KAPAL KU TERNYATA BERLABUH

123 33 24
                                    

Ruangan yang begitu gelap. Itulah keadaan yang dialami Afaska saat ini. Terhitung dua minggu sudah laki-laki itu terkurung di dalam sana. Penjagaan yang ketat mempersulit laki-laki itu untuk melarikan diri. Hanya semangkuk nasi dengan lauk seadanya yang tiap hari mampu dirinya makan.
Setelah mendapat penolakan cinta dari Gea, Afaska segera pergi ke jembatan yang biasa ia datangi saat suasana hatinya tidak baik. Baru sekitar sepuluh menit dirinya sampai di tempat, ponsel dari sakunya mendadak berbunyi. Ada satu pesan masuk di sana. Pesan ancaman yang ditujukan kepada adiknya sukses membuat Afaska kembali mengendarai motornya untuk menemui sang adik.
Setibanya di sana, dirinya langsung mendapat pukulan keras dari arah belakang yang membuat laki-laki itu pingsan. Afaska menyadari dirinya sudah berada di dalam ruangan yang sempit, dingin, dan gelap pada malam hari.
Afaska tidak mengerti ulah apa yang akan ayahnya itu lakukan. Afaska tahu leader Crocodile yang sebenarnya adalah ayahnya. Ia mengetahui fakta itu satu tahun lalu. Saat ayahnya datang menemui Laksa tepat saat laki-laki itu berada di rumah sang ayah. Afaska masih tidak berani menceritakan hal ini pada teman-temannya. Ia takut mereka mengira dirinya pengkhianat.
Rencana Afaska untuk membawa Cahaya pergi juga menjadi kendala tersendiri. Cahaya yang sudah terlanjur percaya dengan bujuk rayu ayahnya menjadi sukar untuk diajaknya pergi bersama. Sifat keras kepala ayahnya diturunkan tepat pada Cahaya.
Dernyitan pintu terbuka lebar. Afaska mengalihkan pandangan ke arah pintu tersebut. Nampak seseorang berusia lima puluhan menghampiri Afaska. Dengan wajah remeh, seseorang tersebut memandang Afaska yang sudah lemah akibat kurang nutrisi.

"Bagaimana keadaanmu Son? Mau mengabari kawan-kawanmu?"
Dua minggu sudah ponsel Afaska ikut tersita. Ingin rasanya pemuda itu menghubungi Tomy namun tak bisa. Keahlian ayahnya dalam mengotak-atik ponsel melebihi kemampuan sahabatnya.

"Mau Ayah sebenarnya apa sih? Kalau hanya mau menemuiku, kenapa harus mengancam dengan nama Cahaya? Tak bisakah Ayah mengundangku secara langsung, hah?!"
Kesabaran Afaska sudah habis. Ia hanya ingin kembali. Sekuat-kuatnya seseorang, pasti dia juga memiliki kelemahan. Afaska hanya ingin membawa Cahaya.

Cahaya adalah kelemahannya. Ia tidak ingin Cahaya memiliki jalan pikiran yang buruk seperti ayahnya.

"Ayah hanya ingin bertemu denganmu. Sekaligus mengajakmu untuk bergabung sebagai leader Crocodile secara sah. Ayah capek jika harus mengangkat bidak terus."

"Sampai kapanpun aku nggak sudi menjadi penerus Ayah!"
Jawaban Afaska mendapat satu tamparan keras dari tangan Cakra, ayah Afaska.

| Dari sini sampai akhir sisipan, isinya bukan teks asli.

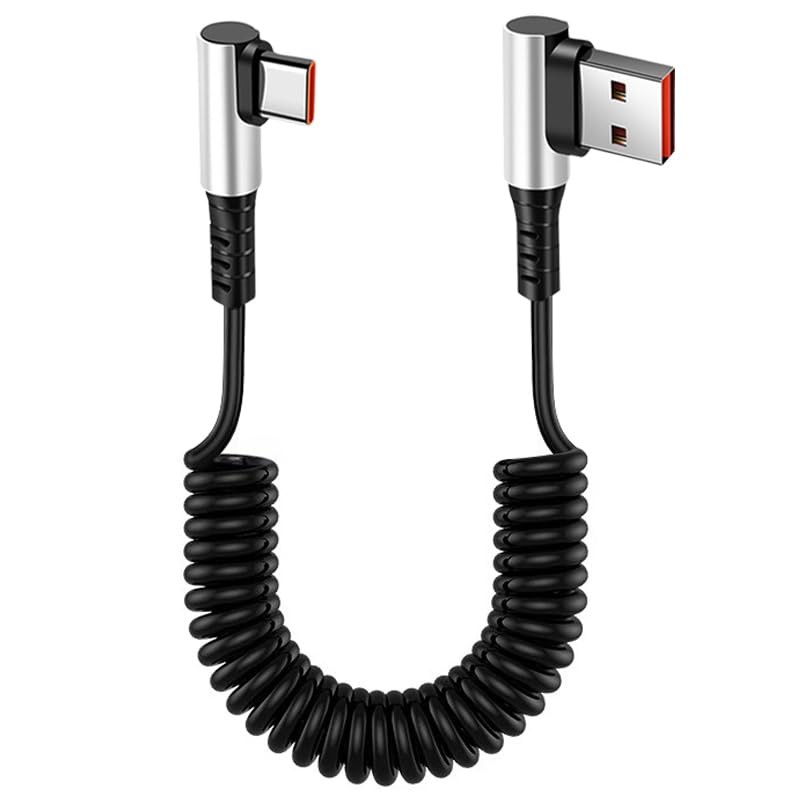 1 PC Right Angle Coiled USB To Type C Cable 90 Degree Retractable 6A 4.9FT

Tamparan itu sukses membuat Afaska terlempar hingga tak sadarkan diri. Cakra hanya tersenyum melihat putranya. Dengan santai Cakra menghampiri Afaska yang tergeletak. Menggoda sang putra yang dia pikir sedang berpura-pura.
Raut wajah Cakra berubah seketika saat Afaska tak kunjung bangun. Dirabanya seluruh tubuh putranya itu, panas! Secepatnya lelaki itu mengantarkan anaknya ke rumah sakit. Ia tak mengira jika perbuatannya membuat darah dagingnya nyaris kehilangan nyawa.
Dengan raut khawatir, Cakra membopong Afaska menuju ruang rawat. Dilihatnya wajah pucat sang putra sebelum diperiksa. Hatinya merasa bersalah. Cukup istrinya yang pergi meninggalkannya. Kejadian lima tahun lalu jangan sampai terulang kembali.

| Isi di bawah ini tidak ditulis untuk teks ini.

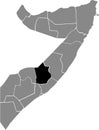 Location map of the Hiran region of Somalia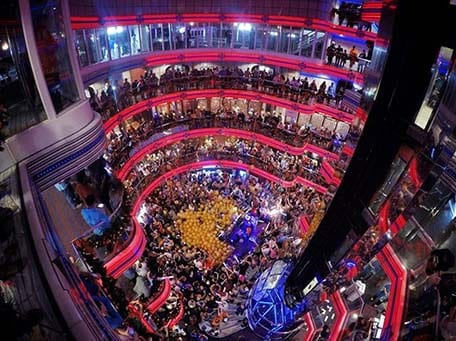 new years eve at the atrium on a carnival cruise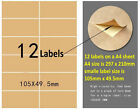 Blank Kraft Label Sticker 12 Labels In a Sheet  For Laser & Inkjet Printer 50PCS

"Maafkan Ayah, Ayah harus bersikap seperti ini hanya untuk bisa bertemu denganmu. Ayah ingin kita hidup bersama. Tapi semua perlu waktu. Maafkan Ayah, Afaska."

***

Afaska tersadar saat dirinya sudah berada di rumah sakit. Dilihatnya jam dinding yang berdenting. Dapat laki-laki itu lihat waktu yang berjalan menunjukkan pukul 22.00. Melihat ruangan yang ia tempati sepi membuat laki-laki itu berpikir untuk melarikan diri. Dilepaslah infus yang menancap di tangannya, dan ia segera pergi dari tempat itu.
Kini Afaska sudah berada tepat di depan rumah Virdy. Lokasi rumah yang paling dekat dengan area sekolah. Afaska sudah berjalan sejauh itu. Sambil sempoyongan, laki-laki itu berusaha menahan tubuhnya. Ia ingin segera sampai ke rumah.
Virdy yang hendak membuang sampah dikejutkan dengan seseorang yang diduganya adalah sang komandan. Segeralah ia berlari menghampiri sang komandan setelah dirinya memastikan berulang kali. Tepat saat Afaska hendak ambruk, Virdy menahan tubuh Afaska. Dibawalah Afaska secara perlahan untuk dibawanya ke dalam rumah.

***

Berita ditemukannya Afaska sudah tersebar sampai ke telinga Gea. Hari ini merupakan hari ketiga setelah hari pengumuman itu. Mendengar Afaska yang masuk sekolah membuat Gea antusias untuk menemui laki-laki itu. Sepulang sekolah Gea langsung mendatangi markas Afaska bersama Dora dan Mutiara. Untuk kali ini dirinya bertekad untuk mengatakan kebenarannya. Ia tidak ingin kebahagiaan yang seharusnya ia dapatkan harus pupus.
Kedatangan Gea mendapat tatapan sinis dari personil Phoenix. Afaska yang melihat raut wajah teman-temannya menjadi bingung. Ada apa dengan mereka? Gea memohon untuk berbicara empat mata dengan Afaska. Berkat bantuan Andika, akhirnya semua anggota Phoenix menyetujui permintaan gadis itu.

"Kenapa Ge?"
Afaska bertanya dengan suara khasnya. Suara inilah yang Gea rindukan. Dua minggu Gea tak mendengar suara itu. Rasanya sangat hampa. Serasa bagian tubuhnya mati rasa. Tatapan lembut yang Afaska berikan teramat tulus. Seakan laki-laki itu melupakan semua kejadian yang pernah gadis itu lakukan.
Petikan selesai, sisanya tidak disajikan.